The idea seemed ambitious and innovative at the time. In early 2002, the Metropolitan Transportation Authority, eager to respond to post-Sept. 11 worries over terrorism, started negotiations with a specialized Army unit to help develop novel security measures for the New York City transit system.

Over many months, there was talk of using of motion detectors, infrared sensors and sophisticated software to protect a wide range of infrastructure, from subway tunnels and bus depots to bridges and tunnels. The office of the deputy secretary of defense, Paul D. Wolfowitz, even signed off on the collaboration, which would have involved some of the Army's most sophisticated technologies.

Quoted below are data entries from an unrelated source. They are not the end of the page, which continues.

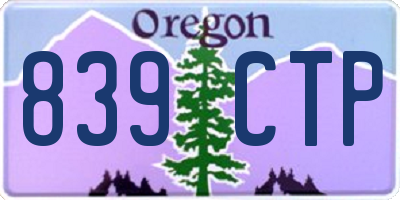 OR license plate 839CTP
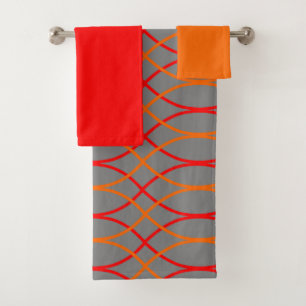 Orange Waves Bath Towel Set
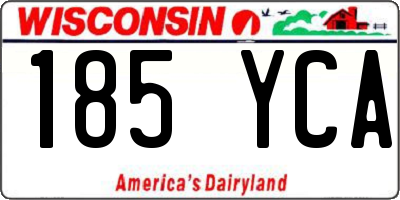 WI license plate 185YCA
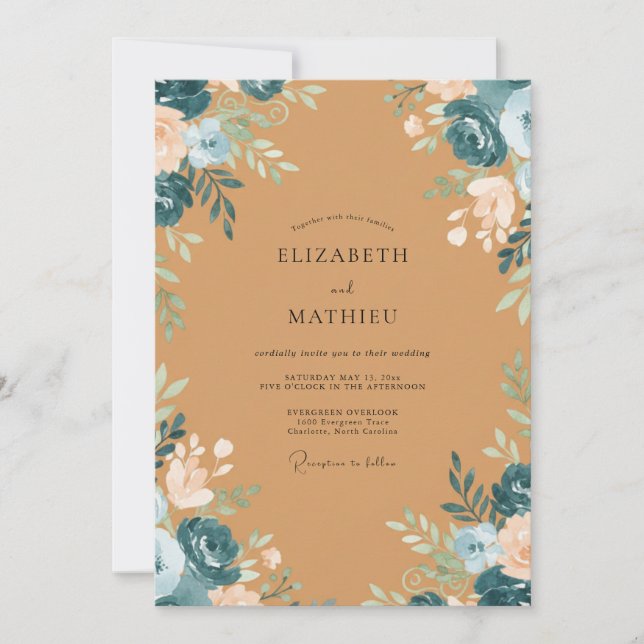 Invitation Mariage Fleur Terracotta Peinte (Devant)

Then, the discussions suddenly ended, in ruins. The transportation authority's top security officials, who had taken the lead in the negotiations, were fired, in an unrelated episode, after they made public accusations of corruption against other authority officials. And then the new security chief at the authority examined the proposal and walked away.

The costs of the detour were paid not in money, but in time - a year and a half lost as cities around the country moved ahead in implementing security measures and as train bombings in Moscow and Madrid highlighted the need for an aggressive, even radical, rethinking of transit security.

Since 2002, when the authority announced it had $600 million on hand to spend on hardening the transit system against terror threats, it has spent only about $30 million. There are, officials inside and outside the authority said, many reasons for the pace of the modest progress. The ultimately abandoned deal with the Army is one of the more dramatic of those reasons....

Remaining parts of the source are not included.